For all these reasons (and also just because, I suspect), the fantasy giants were drawn to the notion of writing poems into their stories. I can’t judge from quality– I mean, at all, I have no idea– but I think in many cases they were being true to their roots, in others perhaps they were truly trying to add verisimilitude to the tales and make them more believable by the lights of their day, and then too, in the case of the Christian authors, they may essentially have been trying to write hymns. Since the allegory put them in that vein to start with, they were looking at joy and worship and giving us their version of the Psalms. The ones I recall have meter, and could be set to music.

Thither Go I?

Can anyone name an extended passage of verse or lyrics within an epic fantasy tale of the last couple decades? I’m not the widest-read fellow and most of my page-flips are in the past, but I can’t pull up a single example. So, I should definitely avoid this trap in the future, right? I mean, I do have the usual ancient prophecy at the start of Judgement’s Tale, and a soldiers’ marching song in The Ring and the Flag. But when the bard Salinj’r refers to the cryptic tomb-epitaph they find in the Shimmering Mindsea, during The Plane of Dreams— you know, the epic rhyming verse poem that could serve as the basis of two or three plot seeds– I should bring those out in prose, I’m sure. Forget the rhymes and meter I found in there. And the Song of the Silvertongue, which I’ve only taken down maybe a quarter of: I should leave that alone in the mists of history, no point in bringing the other eight to twelve verses out in poem. Everybody already knows who won the Battle of the Razor.

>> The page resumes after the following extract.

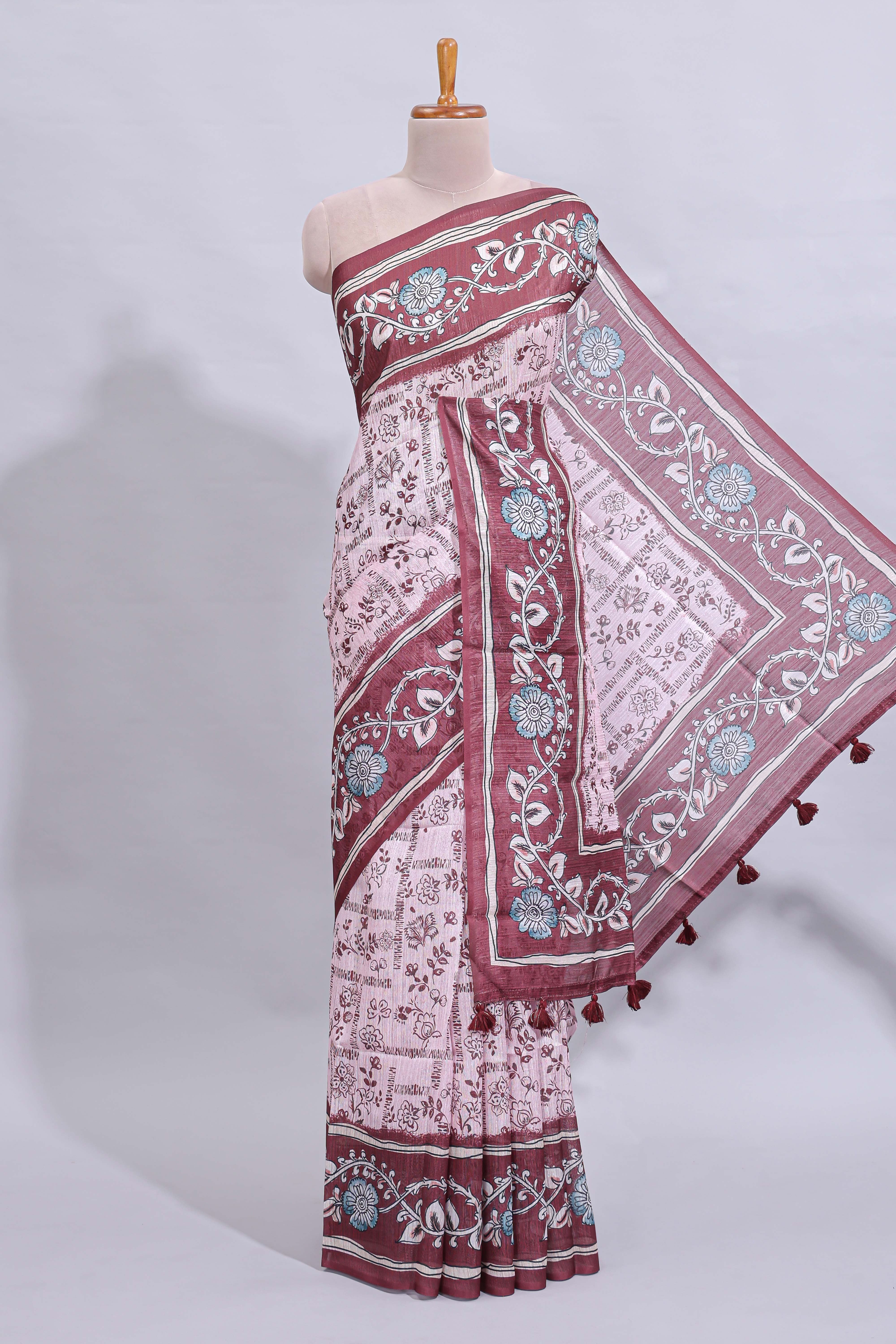 Pale pink floral design art tussar saree with contrast border and matching motifs blouse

Sure, that’s what I ought to do. I get it. Then I start to think about what makes a world seem real, and I come back again and again to the notion that the characters feel joy, have a capacity for happiness. Those kind of people, damn it, they recite tales, say stuff that rhymes, they sing songs. Just has to be part of the story, is all. I mean, I didn’t set out to write poems, I just… found them along the way.

What’s your opinion? Have you ever run across a poem in a tale that really boosted you along? Or are you one of those old-fashioned holdovers that isn’t looking to turn the pages at record speed? Comment here, you could be saving me from myself!

2 thoughts on “State of the Lands: Poetry in Epic Tales (Seriously, What Up with That?)

  1. I’m one of those people who hates poetry in stories if it’s longer than a few verses. When I read LoR, there was this endless poem at the end of the last book that told in verse form what happened in the war, and it totally killed the story for me. I just couldn’t read it, so I skipped ahead. But then, I didn’t understand half of what was going on any more and got really lost.

    So: no, I do not like poetry in stories, real word or fantasy.

    That said, I love your books so I might make an exception there as long as the poetry doesn’t run more than a page or two.

    1. Can’t disagree with any of that Kat (especially that last comment!). Thanks very much.